Ambulatory Treatment of Dialysis Access Stenosis


Dialysis access management was traditionally performed in the hospital setting. Now, newly developed percutaneous techniques have allowed some of these procedures to be transitioned to the outpatient office setting.

The increased prevalence of diabetes and hypertension in an aging population has resulted in a steady rise of patients with chronic kidney disease (CKD) in need of hemodialysis. The autogenous arteriovenous fistula (AVF) is preferred over synthetic grafts as a result of their superior long-term patency; however, the cost of this choice is inferior maturation of autologous arteriovenous access and the subsequent need for several interventions before the access can be used. The increase in the total number of AVFs has increased the number of procedures and interventions required to maintain them. The scheduling of an increased number of cases in the operating room, outside of the block time, can be difficult and often results in a prolonged waiting time for patients with a failing dialysis access. Moving these procedures to the office setting can shorten the waiting time and improve overall patient satisfaction.

Inherent in this practice is the early identification of a failing dialysis access in order to prevent thrombosis, because thrombosis can result in a poor outcome. Stenosis results from the development of neointimal hyperplasia in the anastomosis, outflow tract, and central veins. The easiest way to monitor the access is by routine history and physical examination of the fistula.

If a suspicion exists that the AVF is failing, a duplex ultrasound (US) of the fistula is routinely performed to exclude or confirm the diagnosis of a hemodynamically significant stenosis.

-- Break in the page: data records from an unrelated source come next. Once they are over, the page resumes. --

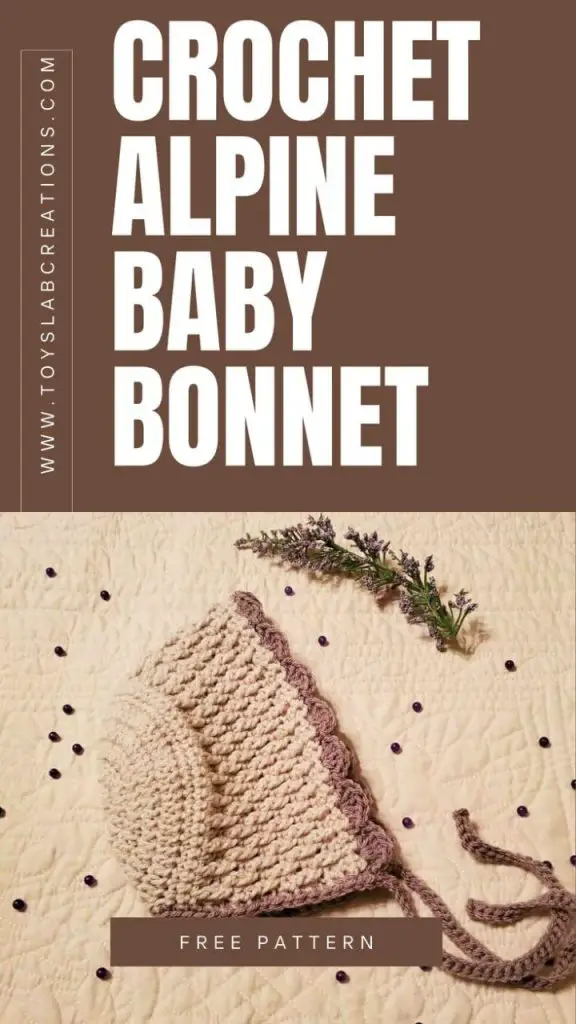 crochet alpine baby bonnet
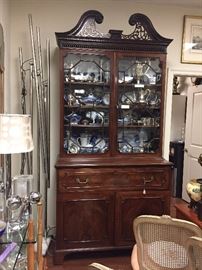18th century English Georgian Secretary filled with Sterling Silver, Flow Blue, and Transferware. Mid-Century Italian "Giraffe" Lamp to the left.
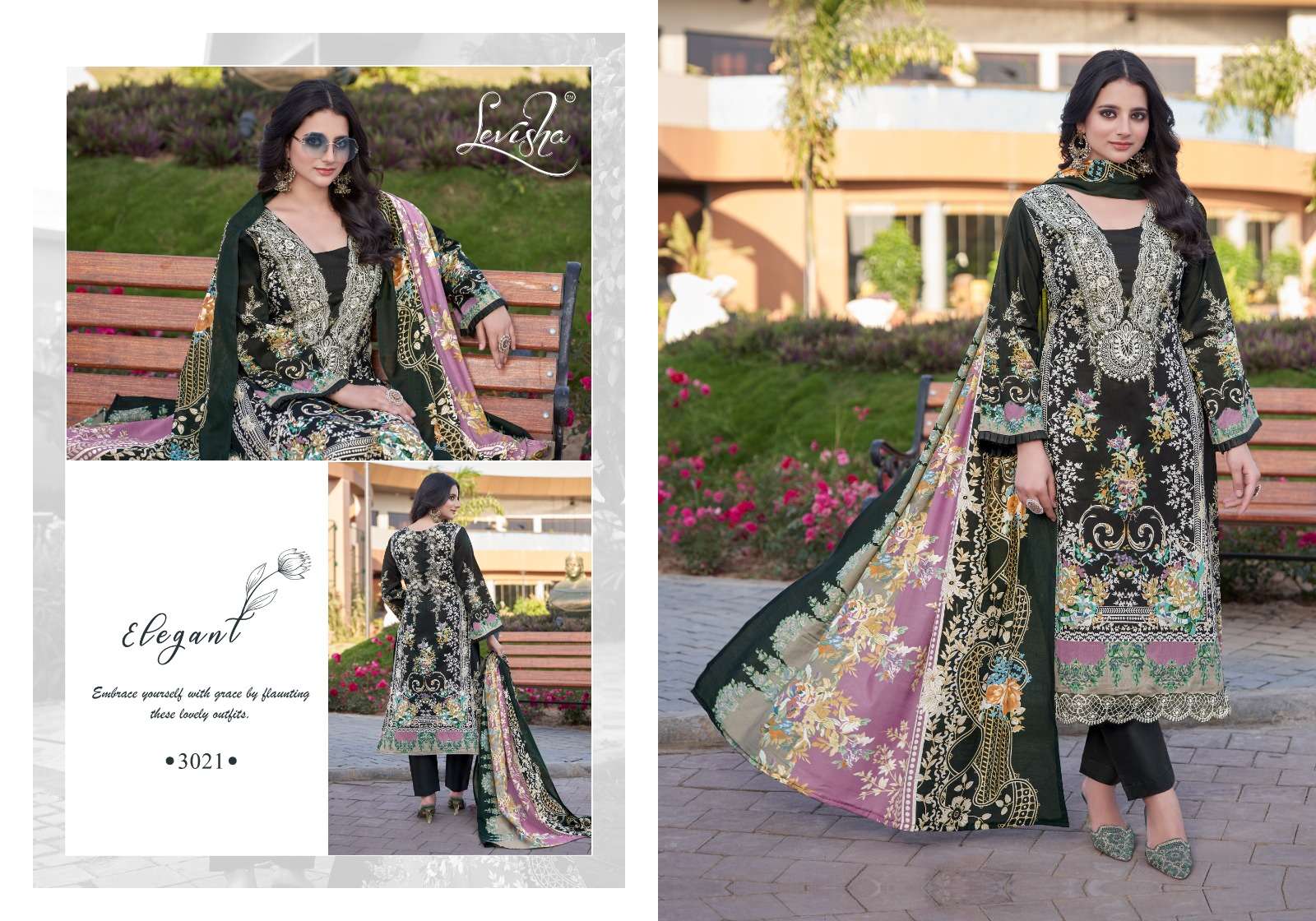 LEVISHA ANARKALI COTTON DIGITAL PAKISTANI PRINT WITH FANCY EMBROIDERY SUIT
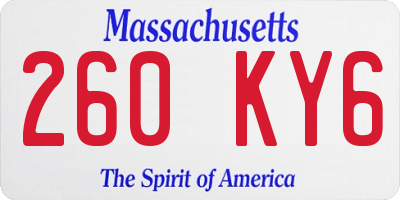 MA license plate 260KY6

An established protocol is used for scanning the fistula. The protocol routinely starts with color imaging. A brief scan helps depict distinct color patterns in stenotic areas (e.g., aliasing, mosaicking, turbulence). B-mode imaging of the entire fistula provides information regarding the nature of these stenoses, such as the presence of intraluminal venous webs and/or frozen valves. A severe stenosis is one greater than 70% in the inflow artery, the anastomosis, along the access conduit, or in the outflow vein based on duplex criteria of direct vessel diameter reduction measured on color images after optimization of the pulse frequency repetition (PRF) to avert errors caused by bleeding effect and peak systolic velocity (PSV) ratio of 3 or more. We also measure the size of the AV fistula in different segments and the volume flow. Knowledge of the size of the fistula can allow preparing appropriate equipment the day before intervention, which helps to keep inventory in the office at the bare minimum.

After the diagnosis has been established and stenosis has been visualized with duplex US, the patient is scheduled for an outpatient office-based intervention. Once the failing fistula is identified, it can be managed in the office with two main techniques: fluoroscopic and/or US guidance. At present, the author uses only US guidance in the office for managing stenosis of the fistula.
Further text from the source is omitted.